Owning assets jointly with a child may not be the right estate planning strategy
There’s a common misconception that owning assets jointly with a child or other heir is an effective estate planning shortcut. While this strategy has a certain appeal, it can invite a variety of unwelcome consequences that may quickly outweigh any potential benefits.
Owning an asset — such as real estate, a bank or brokerage account, or a car — with your child as “joint tenants with right of survivorship” offers some advantages. For example, when you die, the asset automatically passes to your child without the need for more sophisticated estate planning tools and without going through probate.
But it can also create a variety of costly headaches, including:
Avoidable transfer tax exposure. If you add your child to the title of property you already own, it may be considered a taxable gift of half the property’s value. And when you die, half of the property’s value will be included in your taxable estate.
Increased income tax. As a joint owner, your child loses the benefit of the stepped-up basis enjoyed by assets transferred at death, exposing him or her to higher capital gains tax.
Exposure to creditors. The moment your child becomes a joint owner, the property is exposed to claims of the child’s creditors.

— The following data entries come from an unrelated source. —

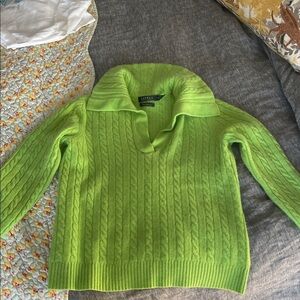 Ralph Lauren Bright Green Cable Knit Sweater
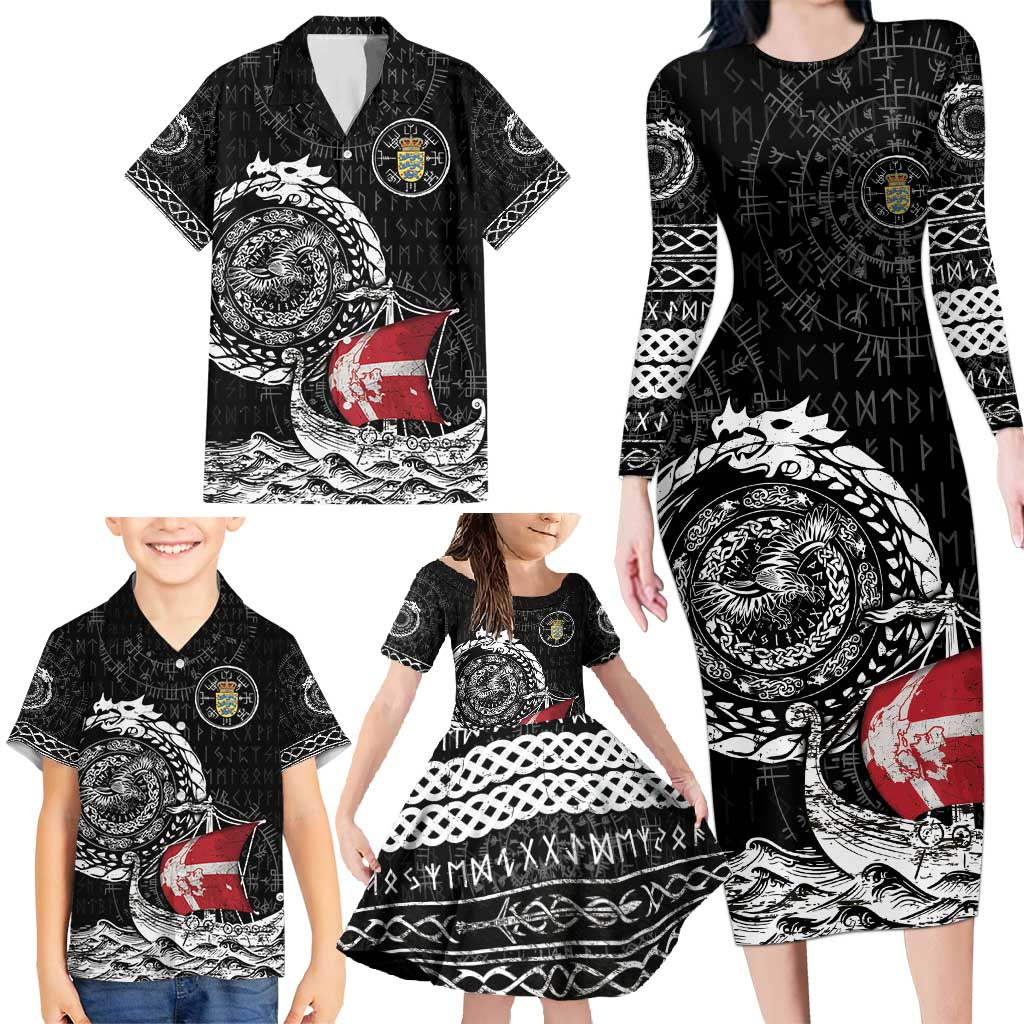 Personalized Viking Denmark Family Matching Long Sleeve Bodycon Dress and Hawaiian Shirt Danish Viking Ship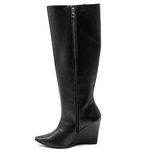 Bota Cano Alto Em Floter Preto Salto Cunho 500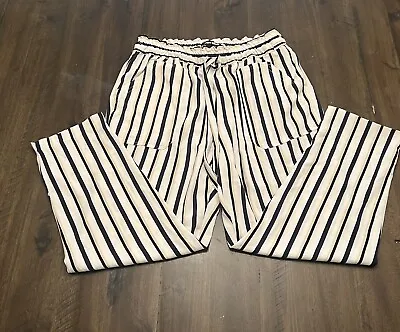 $14.99 • Buy ZARA NWOT Womens Palazzo Pants Trousers Wide Leg Striped White/Blue/Tan Size L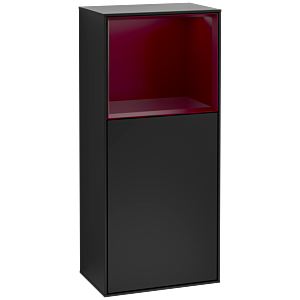 Villeroy and Boch Finion side cabinet F510HBPD 41.8x93.6x27cm, right, shelf above Peony Matt , matt black lacquer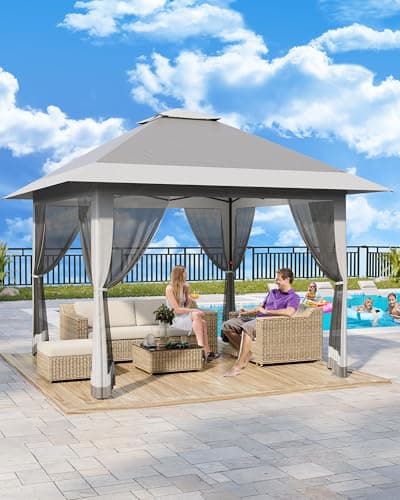 Image of 4m x 4m Pop Up Gazebo, Heavy Duty Waterproof Garden Tent with 4 Mesh Sides & Metal Frame, Instant Marquee Canopy Shelter for Patio, Parties, Weddings & Outdoor Events - Grey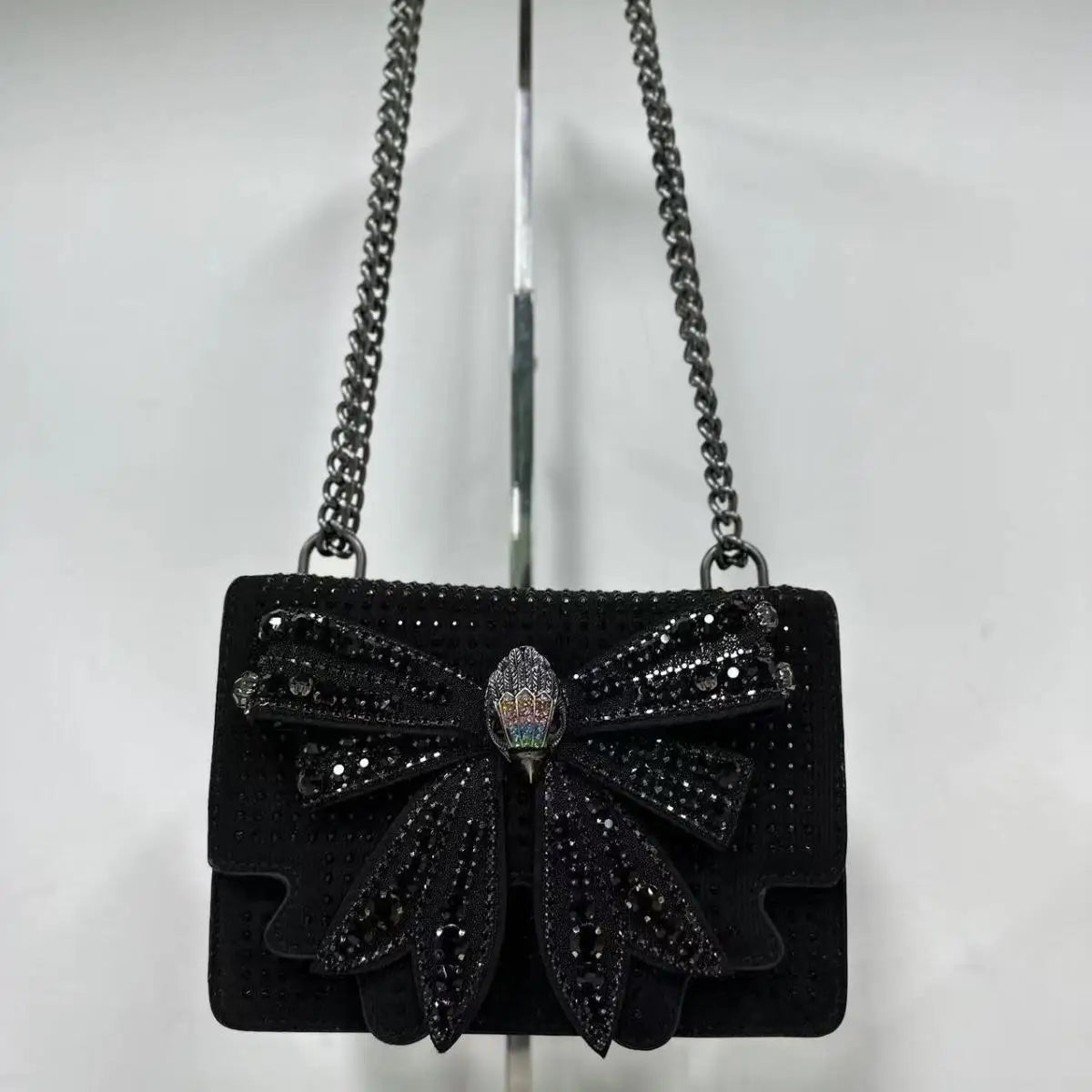 KURT GEIGER LONDON Diamond Studded Bow Bag Fashion in USA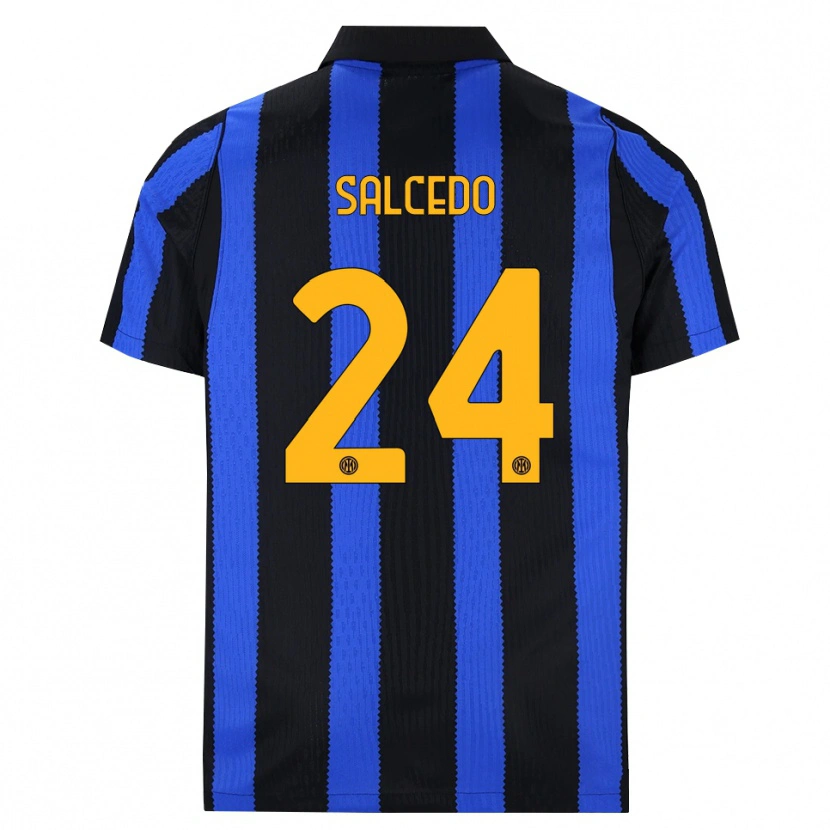 Danxen Femme Maillot Eddie Salcedo #24 Noir Bleu Jaune Tenues Domicile 2026/27 T-Shirt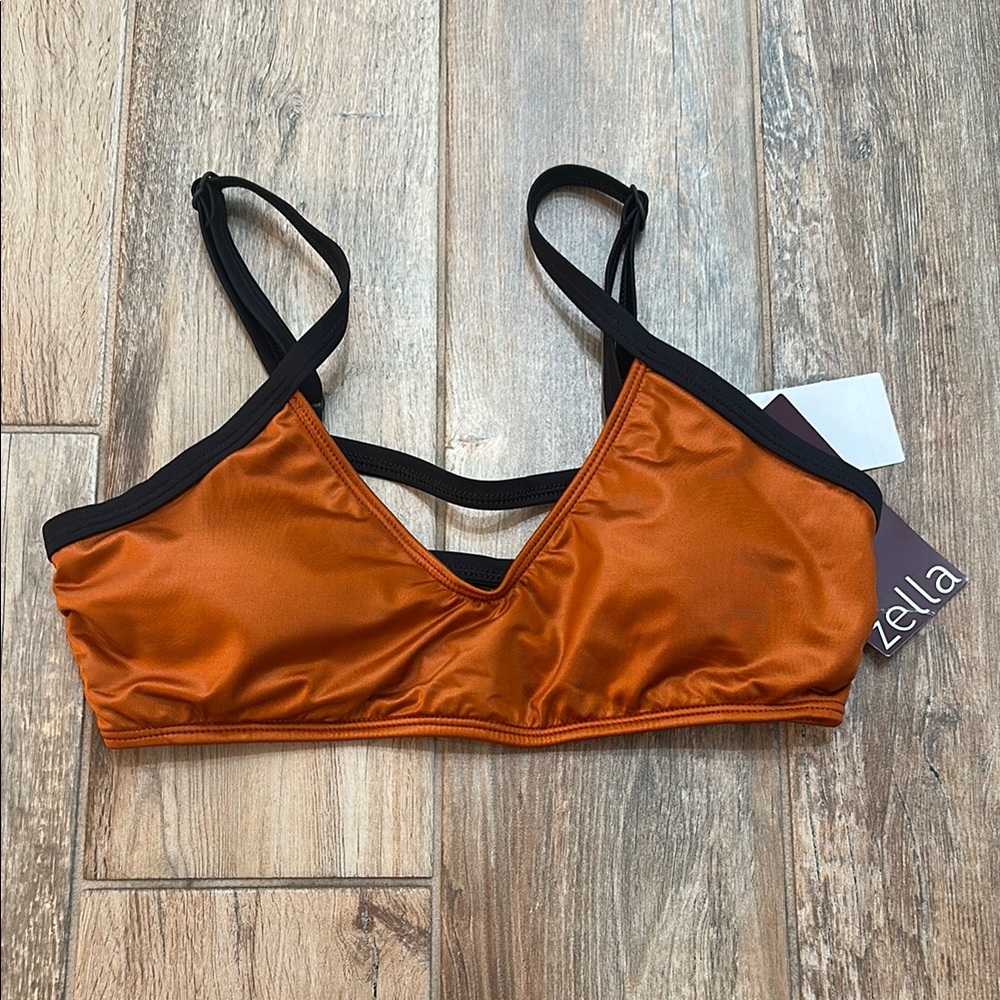 Zella Orange and Black Bikini Swimwear Women’s Medium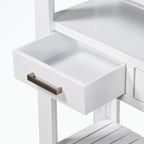 Console en MDF et pin avec 4 tiroirs et 2 étagères, noir/blanc/bleu marine, style classique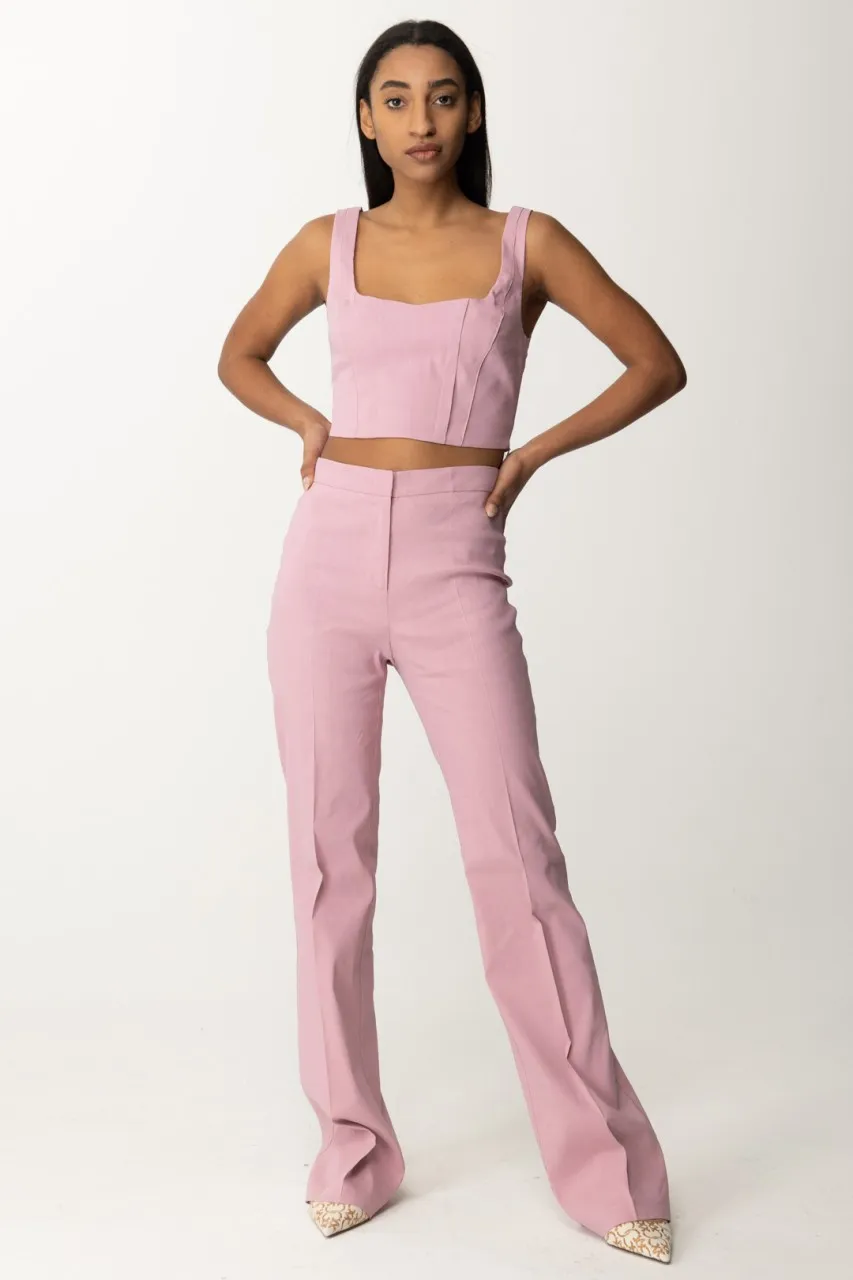 Pantaloni flare in misto lino FUMO ORCHIDEA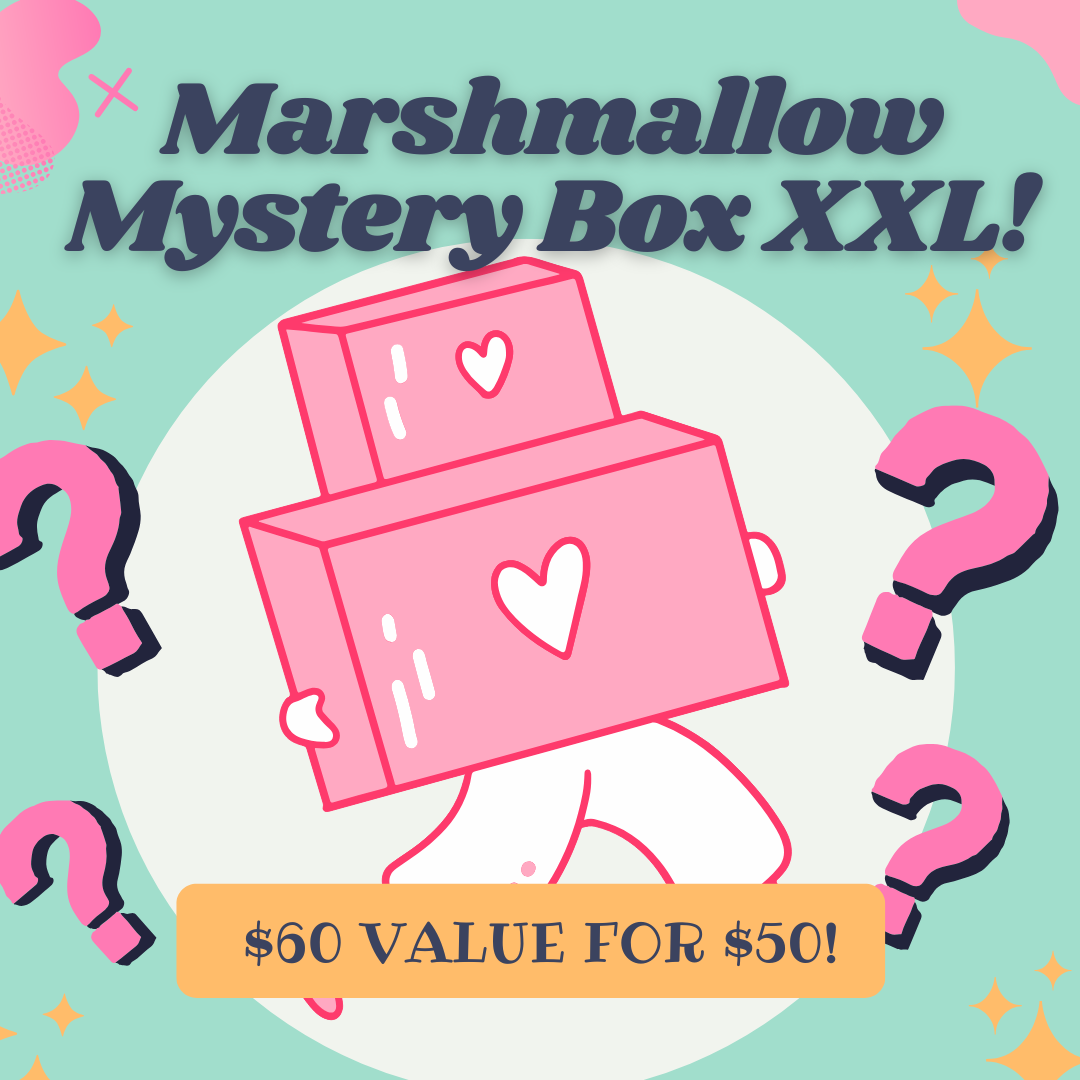 Promotional image for Marshmallow Mystery Box XXL featuring a graphic of a smiling marshmallow character behind a question mark, indicating a surprise element, with text detailing the product offer.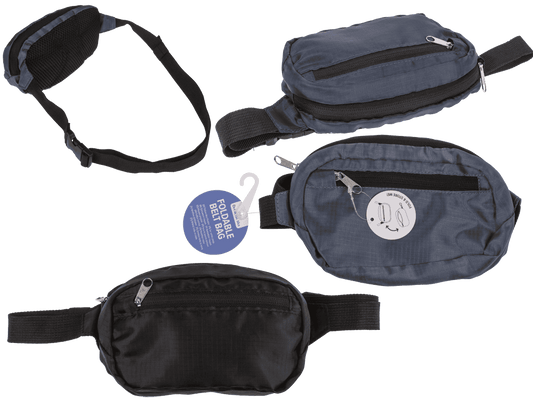 Foldable belt bag, with front & side pocket,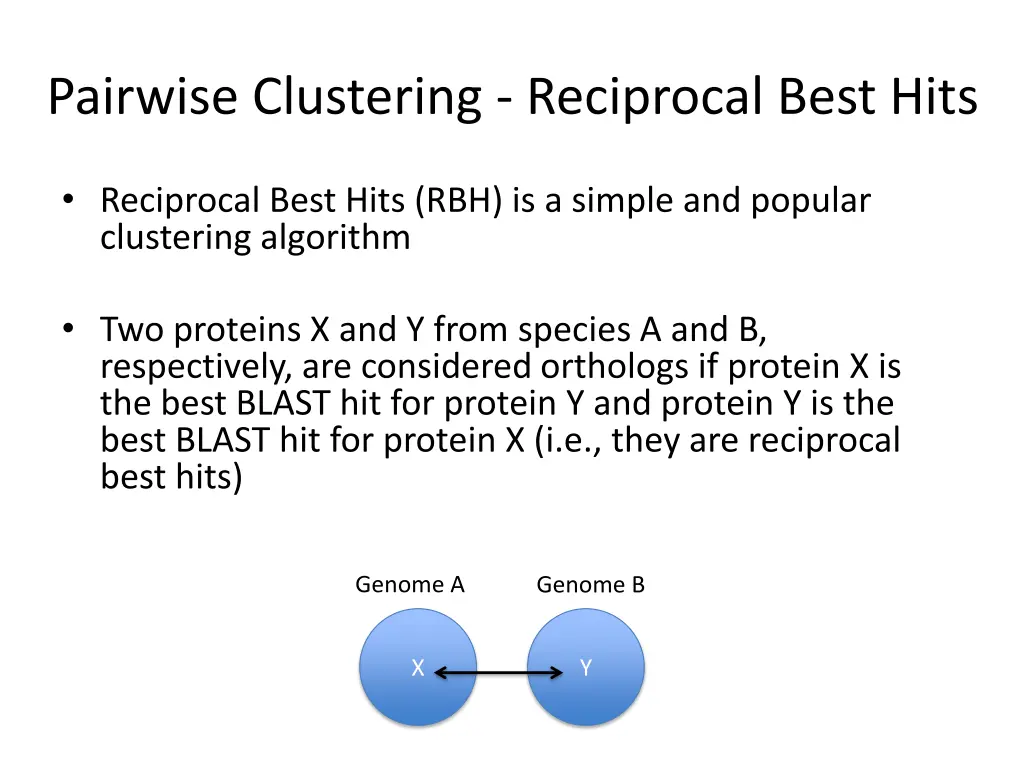 pairwise clustering reciprocal best hits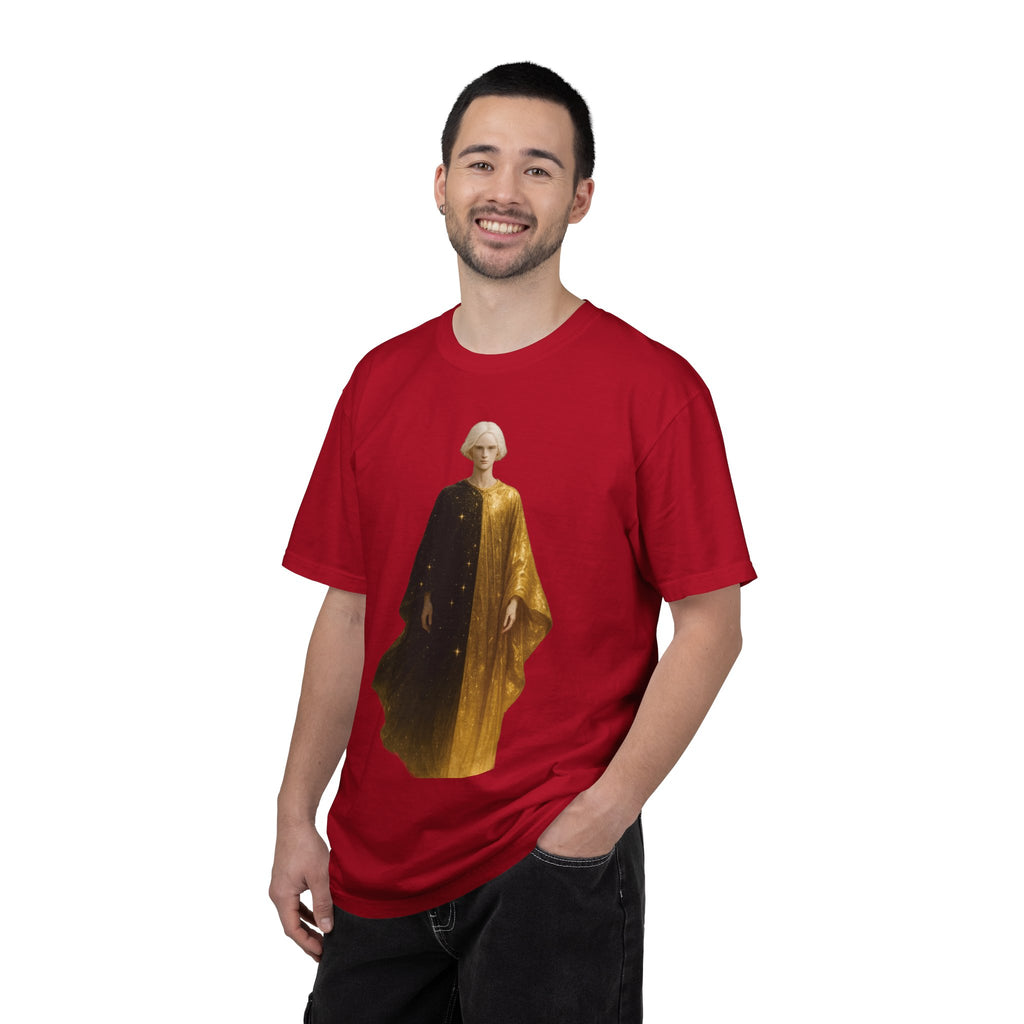 Power Runs Black PRB Twelfth Golden Cloak Figure T-Shirt | Surreal Angelic Portrait by Power Runs Black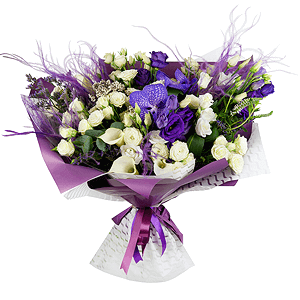 Vanda Orchid bud - 5, Calla lilies - 7, Spray rose: white, cream, light pink 50 cm - 21, lisianthus - 4, Purple Lisianthus (Eustoma) - 4, Flask for orchids, Aspidistra (1 pc.), Veronica spray, Limonium (1 pc.), Eucalyptus Cinerea, Ozotamnus, Dried flowers decor, Wrapping Paper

Loss of control. Adding your child as an owner of certain assets, such as bank or brokerage accounts, enables him or her to dispose of them without your consent or knowledge. And joint ownership of real property prevents you from selling it or borrowing against it without your co-owner’s written authorization.
Unintended consequences. If your child predeceases you, the assets will revert back in your name alone, requiring you to come up with another plan for their disposition.
Unnecessary risk. When you die, your child receives the property immediately, regardless of whether he or she has the financial maturity and ability to manage it.
These problems may be mitigated or avoided with one or more properly designed trusts.